### Problem details
What's needed is the listing below, repeated word for word with no pictures.

### Data
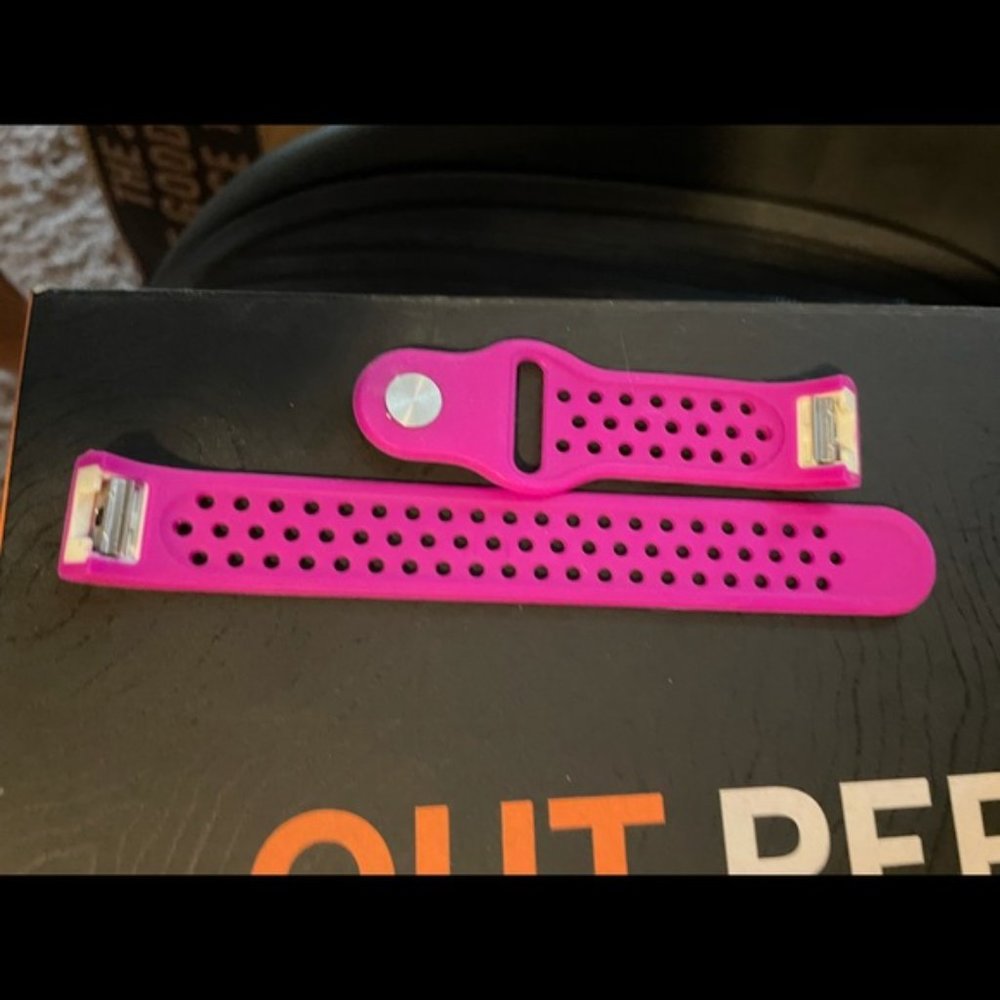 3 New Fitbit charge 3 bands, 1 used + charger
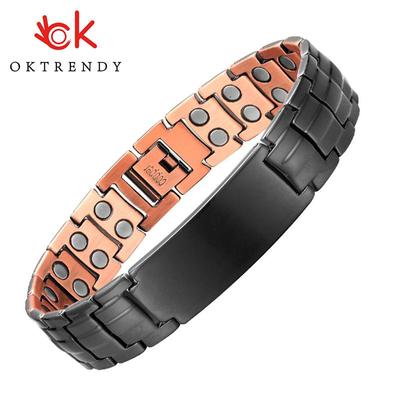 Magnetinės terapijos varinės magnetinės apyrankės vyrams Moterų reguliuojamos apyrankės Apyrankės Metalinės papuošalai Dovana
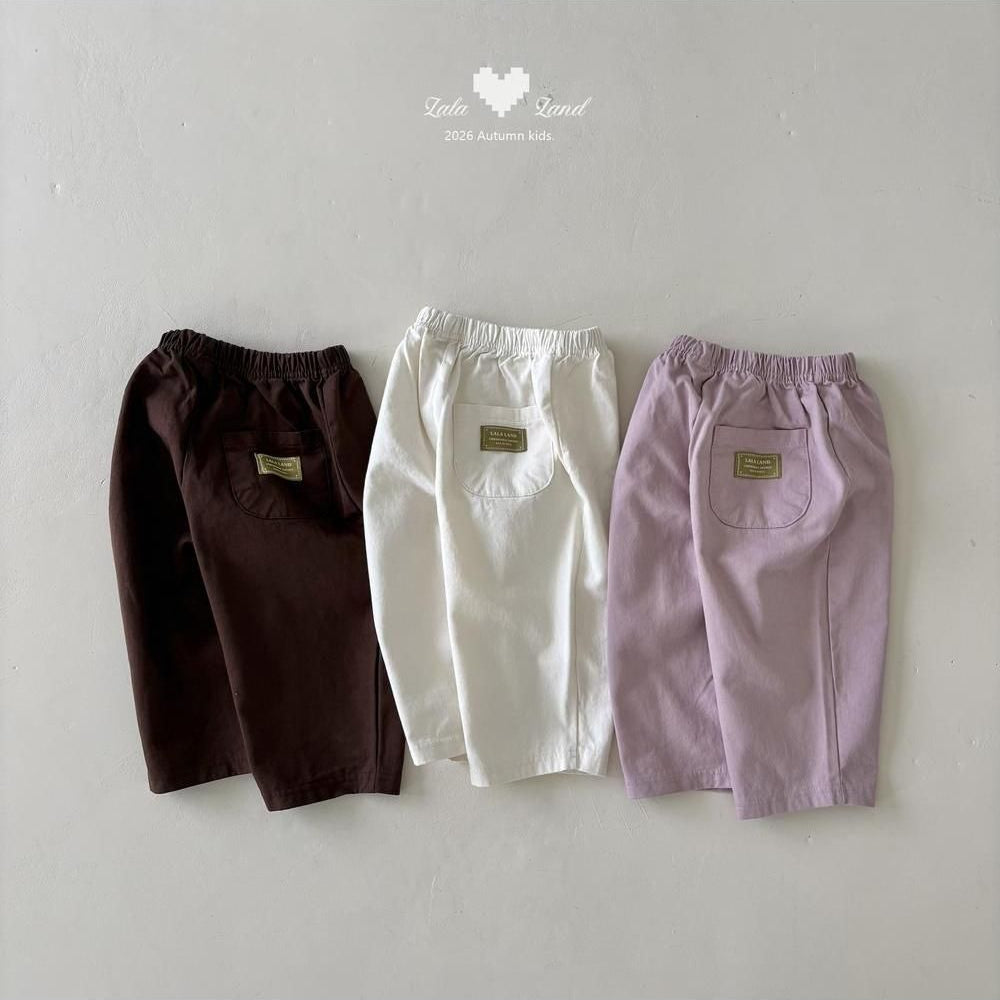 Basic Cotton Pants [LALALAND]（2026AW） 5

### Solution for this problem
 3 New Fitbit charge 3 bands, 1 used + charger
 Magnetinės terapijos varinės magnetinės apyrankės vyrams Moterų reguliuojamos apyrankės Apyrankės Metalinės papuošalai Dovana
 Basic Cotton Pants [LALALAND]（2026AW） 5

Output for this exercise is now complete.